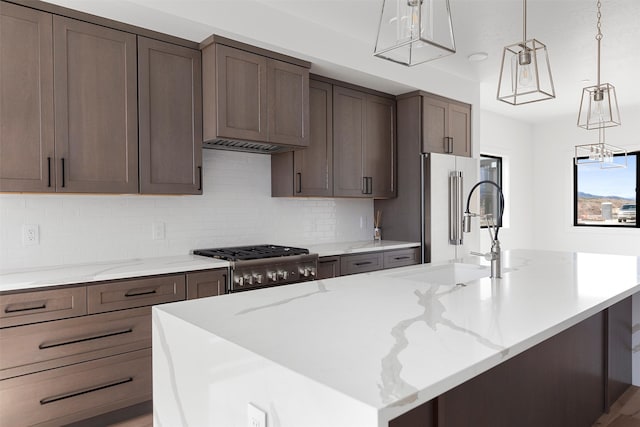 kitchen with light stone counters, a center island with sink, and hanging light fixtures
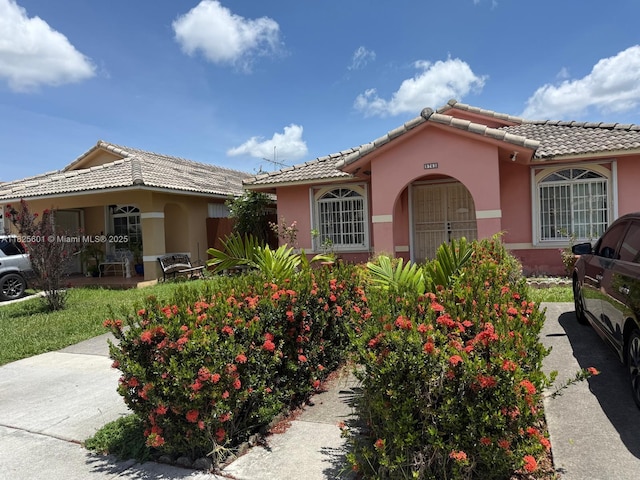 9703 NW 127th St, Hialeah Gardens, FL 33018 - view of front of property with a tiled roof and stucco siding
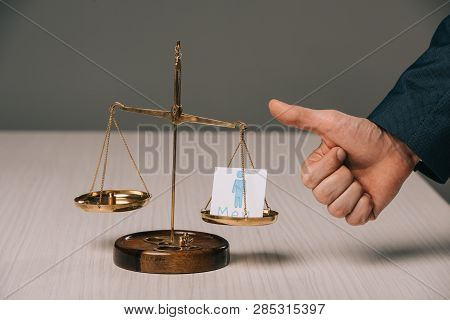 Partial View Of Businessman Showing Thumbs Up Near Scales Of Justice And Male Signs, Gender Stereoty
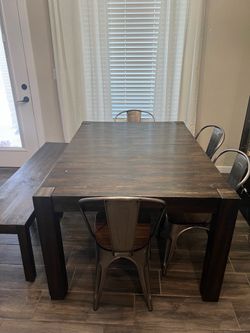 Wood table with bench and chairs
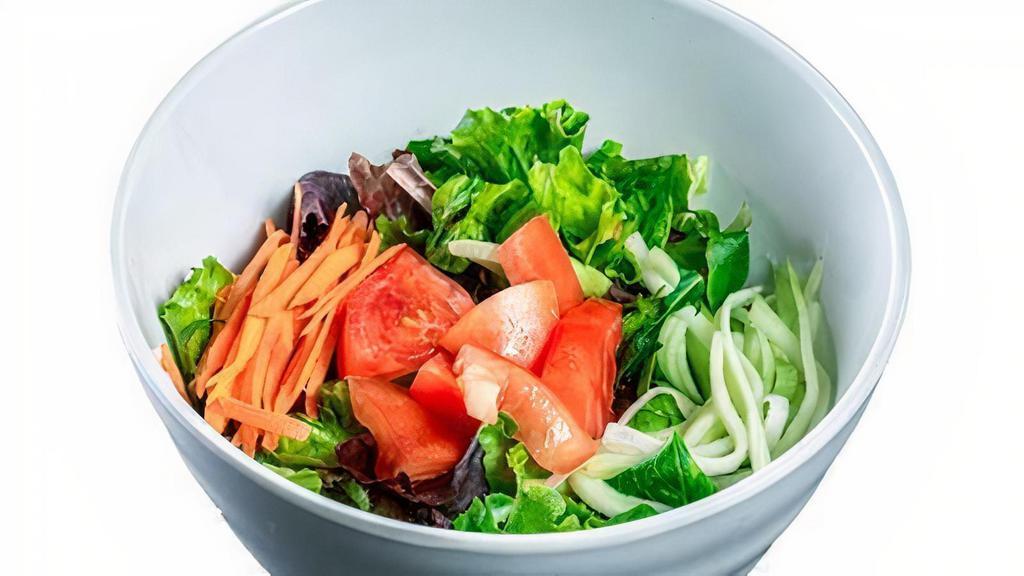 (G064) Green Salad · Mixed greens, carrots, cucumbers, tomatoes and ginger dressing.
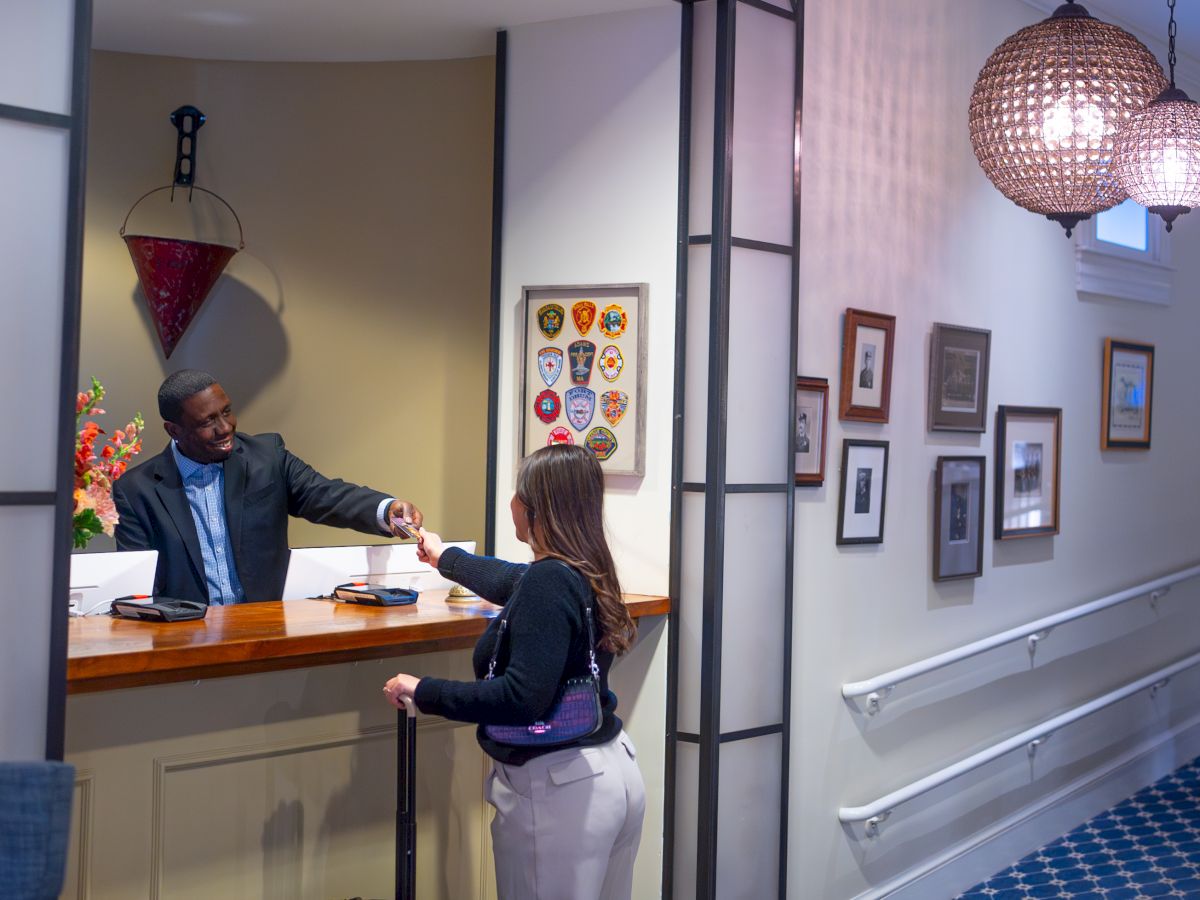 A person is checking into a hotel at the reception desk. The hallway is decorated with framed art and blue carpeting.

* * *

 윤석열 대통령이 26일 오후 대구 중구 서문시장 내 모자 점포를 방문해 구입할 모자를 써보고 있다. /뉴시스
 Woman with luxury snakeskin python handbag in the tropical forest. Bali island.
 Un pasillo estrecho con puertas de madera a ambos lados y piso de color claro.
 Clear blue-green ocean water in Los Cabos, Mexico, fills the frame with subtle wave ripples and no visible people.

Problem statement:
Print only what lies in the material above starting at the line with "Un pasillo estrecho" and ending at the line with "Clear blue-green ocean", every line exactly as given.

Answer for this exercise:
 Un pasillo estrecho con puertas de madera a ambos lados y piso de color claro.
 Clear blue-green ocean water in Los Cabos, Mexico, fills the frame with subtle wave ripples and no visible people.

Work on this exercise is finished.